Work instruction>
Restate the listing below word for word; no picture is to be carried over.

Recorded information>
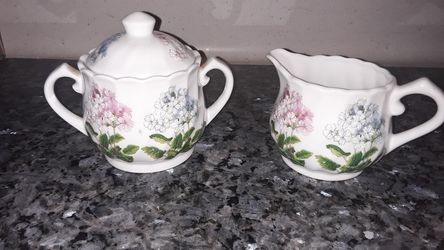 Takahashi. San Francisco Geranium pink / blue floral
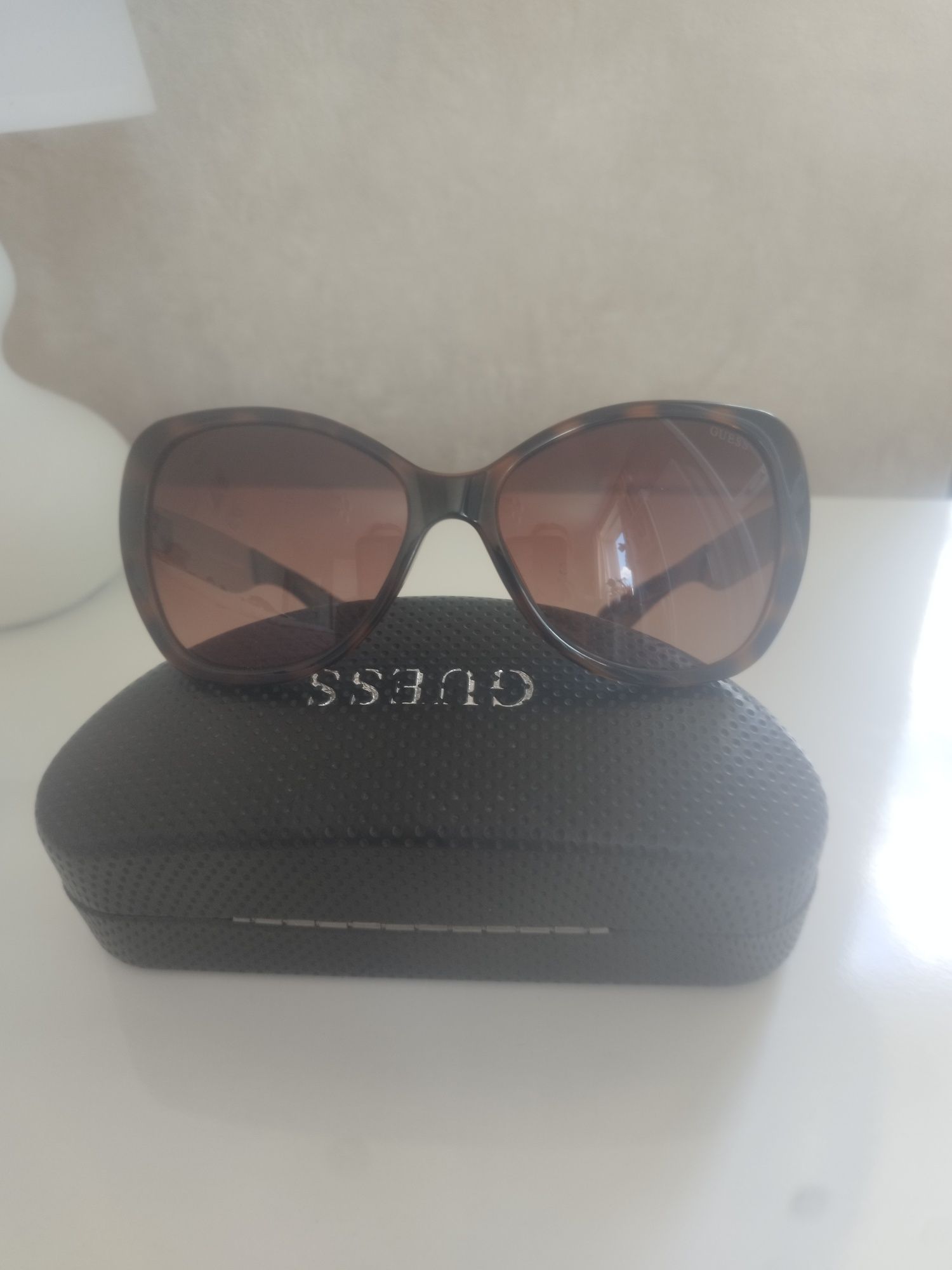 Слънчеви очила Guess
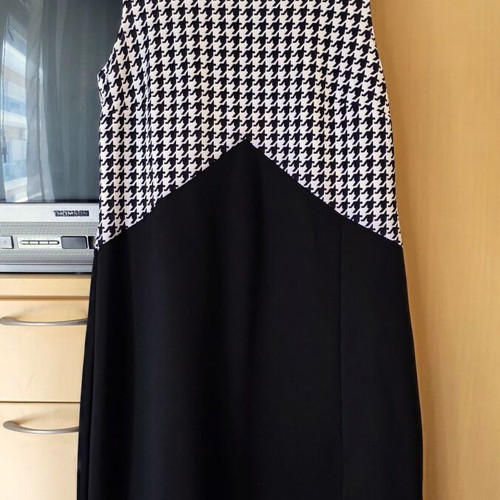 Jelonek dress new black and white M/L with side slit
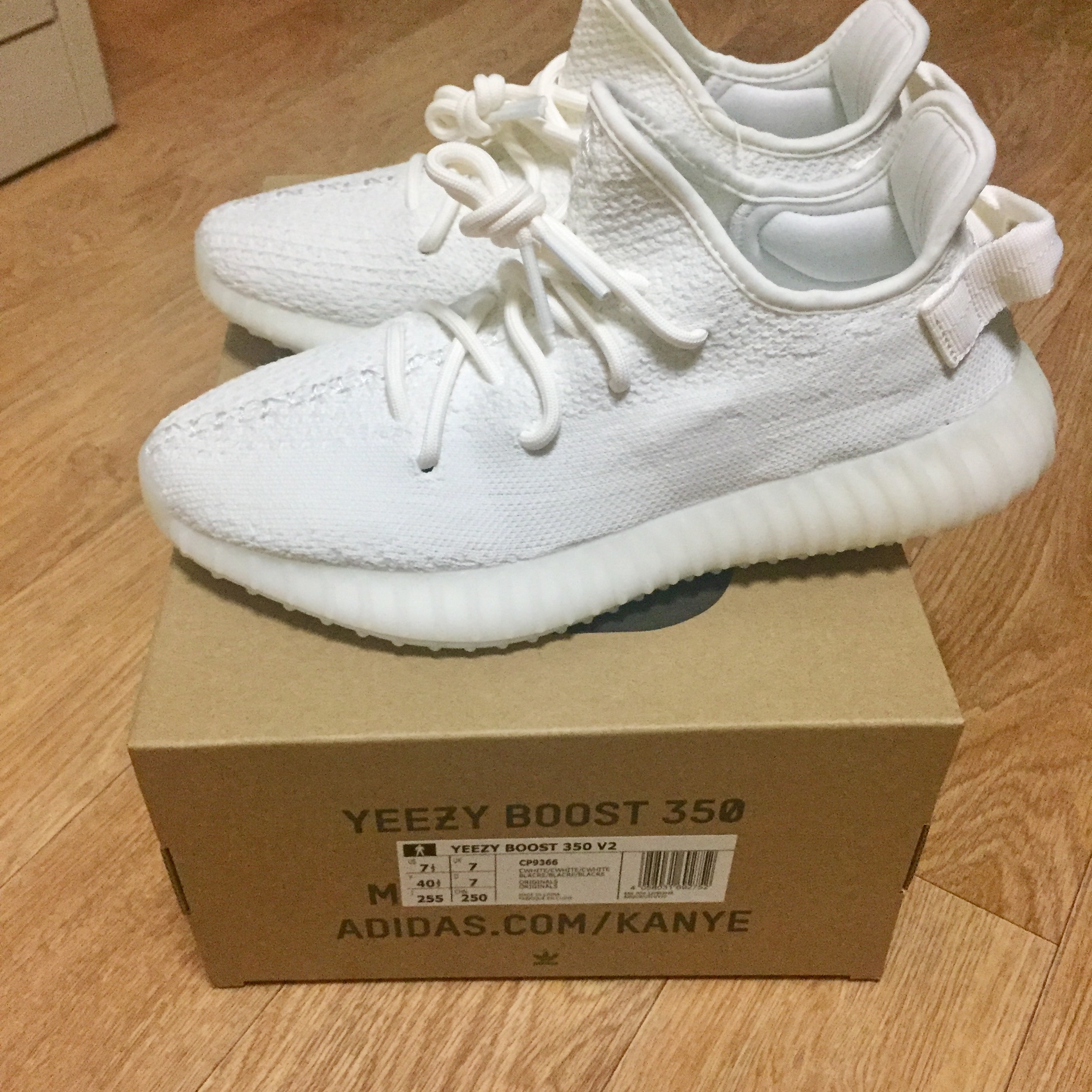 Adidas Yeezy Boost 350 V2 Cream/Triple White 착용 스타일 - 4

Completed task>
 Takahashi. San Francisco Geranium pink / blue floral
 Слънчеви очила Guess
 Jelonek dress new black and white M/L with side slit
 Adidas Yeezy Boost 350 V2 Cream/Triple White 착용 스타일 - 4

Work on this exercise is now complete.